Berliners Can Now Share Gogoro’s Swanky Electric Scooters
The electric scooter with the lofty aim of changing urban mobility and the way humanity stores and manages electricity, has reached Europe. This morning, Gogoro launched a fleet of 200 scooters in Berlin, and any grownup with a driver’s license can hop on one to roam the German capital—without burning a drop of oil.
The much-hyped, well-funded Gogoro revealed its $4,000 Smartscooter at CES in January 2015. The sleek vehicle delivers nice numbers: zero to 30 in 4.2 seconds, top speed of 60 mph, 50-50 weight distribution. When the two 20-pound batteries run low, the rider swaps them out for fresh ones at a Gogoro “Go Station.”
Gogoro’s first 18 months in the public eye have seen impressive progress. The company’s sold 10,000 scooters since launching in Taiwan last summer, and it’s built a network of 225 charging stations. Those stations, ATM-sized kiosks holding eight batteries apiece, could offer the potential to store renewable energy, key to the shift away from fossil fuels.
If you want to start running things on solar and wind power instead of coal and oil, you need that kind of storage. Today’s electrical grid doesn’t stockpile electricity. Utilities immediately deliver what they produce, and make just enough to meet demand at any given moment. That works when you can shovel coal into a furnace as needed, but sunshine and wind aren’t so pliable. That’s why Elon Musk wants to sell you a battery to go with your solar panels and Gogoro thinks a global network of batteries could do a lot more than power some scooters.
That’s all in the future for the time being. For now, Gogoro’s focused on getting rubber onto asphalt. And for its European debut, it’s taking a new tack. Instead of selling scooters to individual Berliners and setting up a city-wide network of charging stations, Gogoro has sold them to Coup, a Bosch subsidiary that also launches today. The new scooter sharing service charges three euros for a 30-minute ride, or 20 euros for a full day. Gogoro limits the Smartscooter’s speed to 28 mph, classifying it as a vehicle available to anyone over the age of 21 with a driver’s license.
If all that sounds familiar, you’ve probably heard of Scoot, which offers a fleet of 400 electric scooters to those uninterested in walking up San Francisco’s gnarly hills or waiting for the cable car. The startup’s business model matches Coup’s very closely, down to the pricing and smartphone app for finding and renting a vehicle.
Gogoro’s expensive, stylish, high-tech Smartscooter seems like an odd fit for this kind of duty. Bike share bikes, for example, are usually light on swanky features and built for durability. They’re built for a rough life on the streets, with no one owner to keep them safe.
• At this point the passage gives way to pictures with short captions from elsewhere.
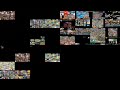 64 Created Aao Videos Playing At Once 56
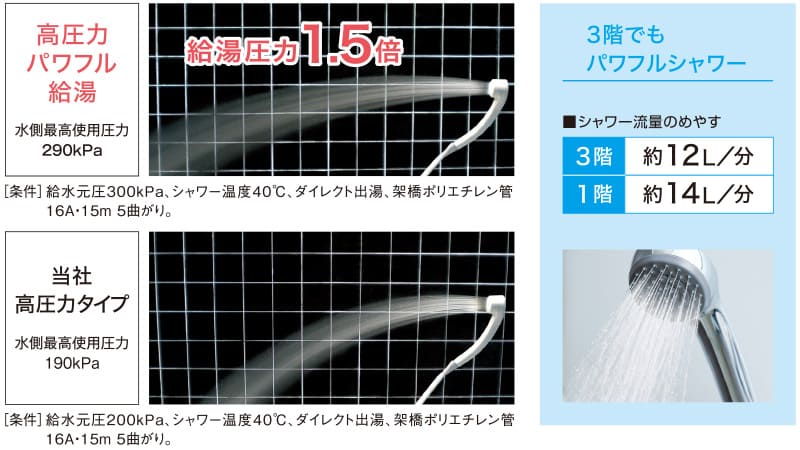 高圧力パワフル給湯　給湯圧力1.5倍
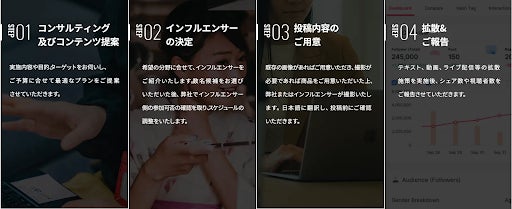 ENGAWA、アジア13ヵ国・地域のネットワークを活用して、世界のトップインフルエンサーを日本に招致する新サービス「Travel Booster」を提供開始のサブ画像2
Scoot’s two-wheelers, made by Mahindra’s GenZe, are almost ostentatiously practical and free of frills. Scoot chose a matte red paint that stands out in traffic and wears well over time, says CEO Michael Keating. “We’re not a retail product, we’ve always thought that the most important thing is to focus on the transportation itself.”
Coup, however, likes the style of Gogoro’s ride, with its personalized lighting schemes and LCD screen. The best way to get people onto electric vehicles is to offer them cool electric vehicles, says Urs Rahne, Coup’s general manger.
Otherwise, Gogoro’s setup is good for a publicly-accessible fleet. The company can track its scooters, and knows when they crash or run low on power. And riders don’t need a physical key—a smartphone can locate, unlock, and rev up the ride.
All that matters to Coup’s key goal: making its service as painless as possible. Customers don’t need to return the scooter to a specific spot—just park it on the sidewalk and walk away. They won’t even swap their own batteries: Coup employees will drive around Berlin in a (gas-powered) van, popping fresh units into any scooter that needs them. While they’re on the scene, they’ll clean the included helmet and verify the scooter’s in good shape.
The sharing program is launching in four central neighborhoods in Berlin, and will likely expand throughout the city and elsewhere once things are running smoothly.